The tall, 63-year old fisherman has always been passionate about the fishery and the need to treat all marine resources with care and respect. He is also known as a good humanitarian who has always helped those less fortunate, including a personal interest in helping a family of refugees who recently arrived in Newfoundland from Syria.
Garry also has deep regard for Newfoundland and Labrador’s culture and tradition — marine and otherwise. Even as a young man, he had a keen sense of the importance of preserving items of historical significance and would acquire things and stow them away in his parent’s home in Gooseberry Cove or wherever he could find a place to keep them safe. Today, his collection has grown to the size of a small museum.
One of the two crown jewels of Garry’s possessions is his treasured rifle collection, most of which are WWI vintage and all in mint condition. For safety concerns, Garry keeps his rifles stored in three refrigerator-sized vaults that weigh upwards of 600 pounds each.
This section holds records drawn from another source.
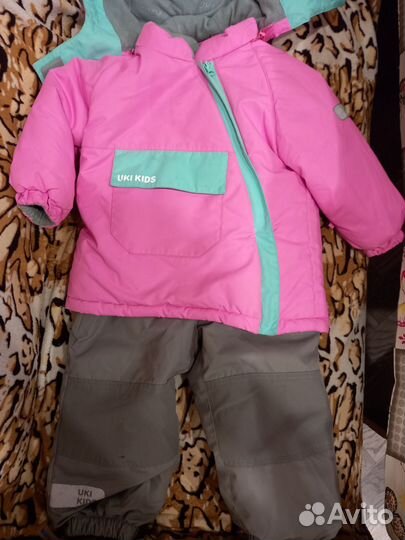 Зимний комбинезон для девочки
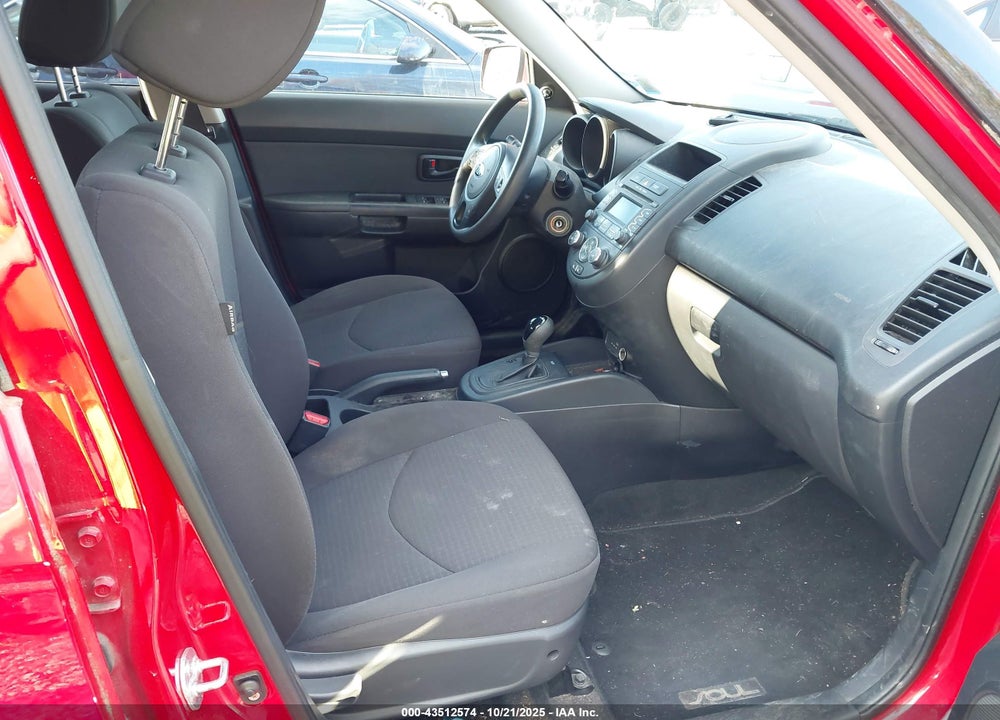 2013 KIA SOUL VIN: KNDJT2A51D7606938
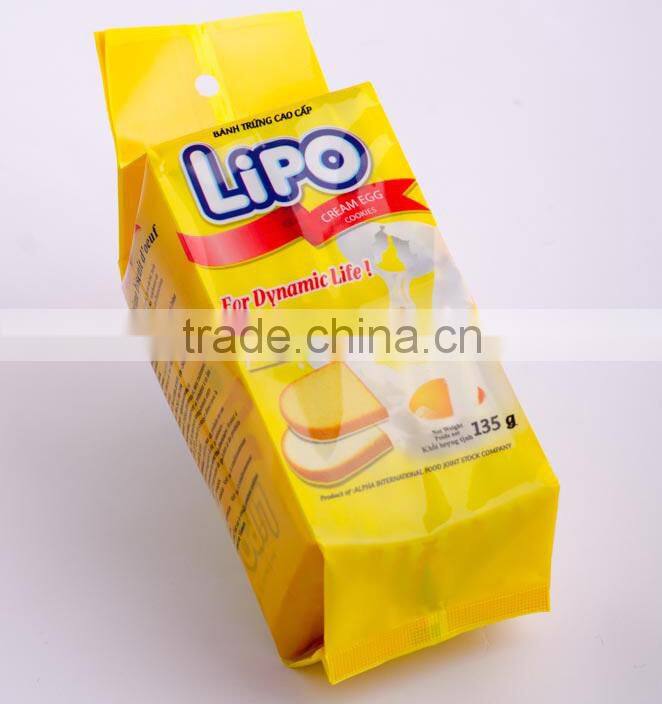 LIPO Cream 135g/bag - DELICIOUS BISCUIT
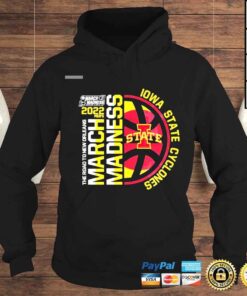 Hoodie Iowa State Cyclones 2022 NCAA March Madness The Road To New Orleans Shirt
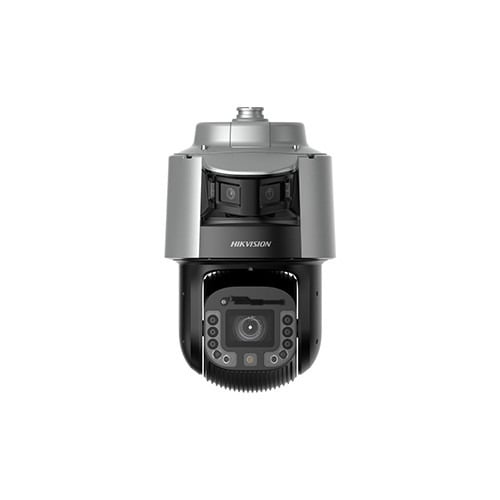 Hikvision Solutions DS-2SF8C442MXG-ELW2 Domo PTZ IP 4 Mpx, TandemVu, zoom x42, IR 300m, luz blanca 30m, WDR, SD 256 GB, IP67, IK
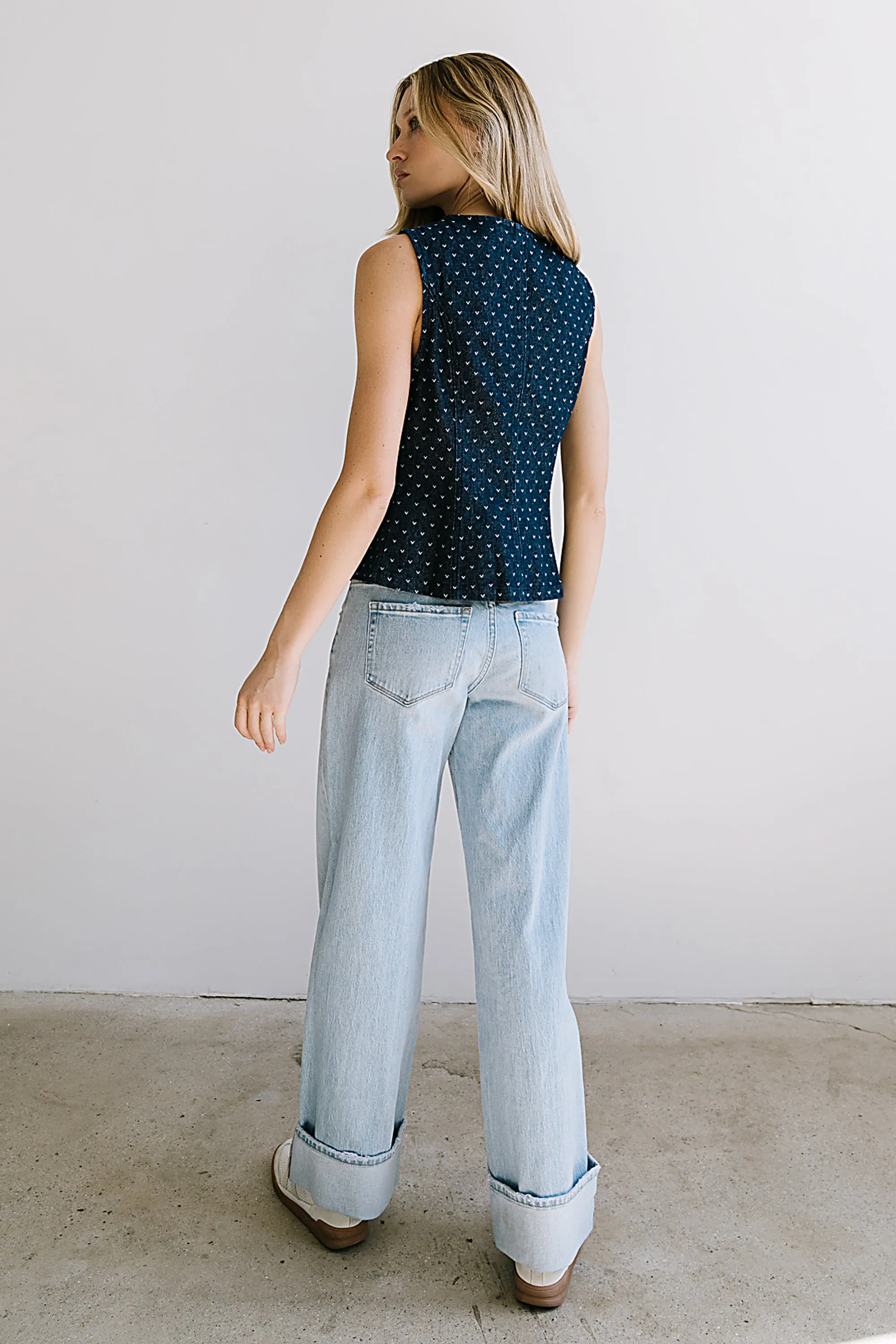 Caroline Denim Vest sold by bohme product image thumbnail 5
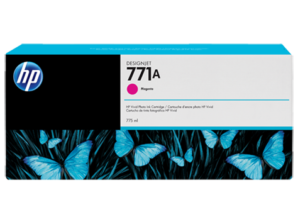 HP 771 MAGENTA 775ML TINTA AMPLIO FORMATO B6Y17A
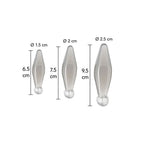 TOYJOY - JEU ANAL FINGER RIMMER 3 PIÈCES TRANSPARENT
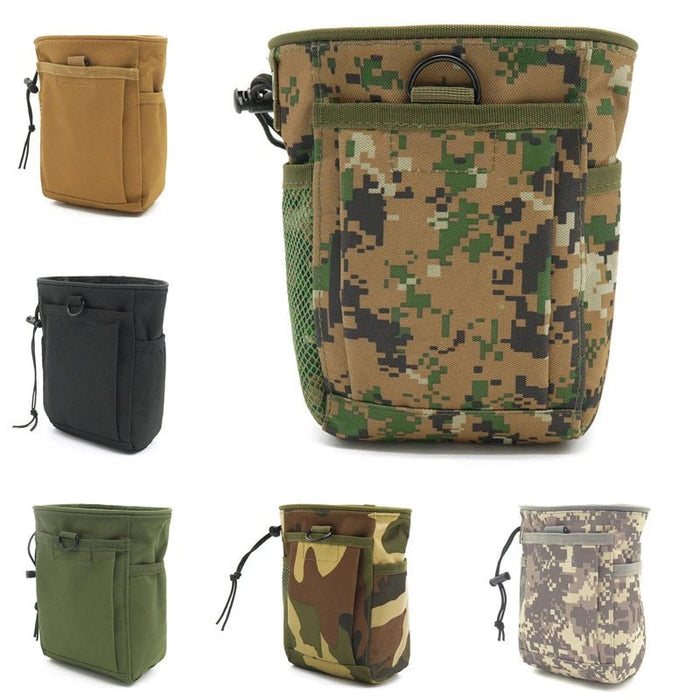Outdoor 3-5L tactical Molle dump pouch - Militaire heuptas - Bivakshop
A smaller version of bank vaults, the walls are a foot thick and fire proof.
“If the place burnt to the ground, the contents in those vaults would be secure,” Garry explains.
Opening one vault at a time, Garry removes the guns with care while explaining the military significance of each one. Most are magazine-fed .303 rifles, the standard firearm of the British Army from 1895 to 1957. Some military forces still use them today.
As Garry points out in his show-and-tell presentation, not all rifles are created equal. Even the most popular Lee-Enfield version of the “three-oh-three” comes in various shapes and sizes, all designed for different purposes.
He demonstrates one that has a spring-loaded cap that covers the front of the barrel between firings. The cap protects sand/mud/dirt from entering the barrel of the gun if a soldier fell face-first in rough terrain. Some have short barrels while others have short stocks and longer barrels. All are fascinating.
Make and Breaks
A mere mention of make and break engines to folks of a certain age who grew up in coastal Newfoundland and Labrador suddenly renders them to blathering blobs of nostalgia. With glowing faces and broad smiles, they speak, almost reverently, about waking up on summer mornings to the distinctive putt-putt-putt sound of motorboats steaming out the harbour, headed to the fishing grounds.
Someone joked that any attempt to guide those people away from their precious memories of the “good ol’ make and break days” must be done gently for fear of the consequences of sudden emotional decompression.
So far, Garry has collected 30 make and breaks and like his antique radios, phones and rifles, all are in operating condition. The majority of his engines are Acadia and Atlantic brands, made in Nova Scotia and two are Barnes, built in Newfoundland.
Garry started his engine collection when he learned that hundreds of people from outside Newfoundland, especially from Nova Scotia, were traveling to Newfoundland and buying every make and break they could get their hands on.
“I know that most of those engines were built in Nova Scotia, but they were owned and operated by Newfoundland fishermen and I wanted to make sure that some of them stayed here,” Garry explains.
Garry doesn’t talk much about the value of any or all of his collections, although it is obvious that it is a considerable sum. It’s not something he thinks about a lot because none are for sale — at least not yet. He says in another 10 years or so, he may consider divesting some of the items. He says the guns and radios could be sold to anyone, anywhere, but his engines will have a condition of sale — the buyer must agree that they stay in Newfoundland and Labrador.
In an era when many people loudly tout the importance of preserving cultural and historical significance but do nothing more about it, Garry Smith puts his passion and his money where his mouth is.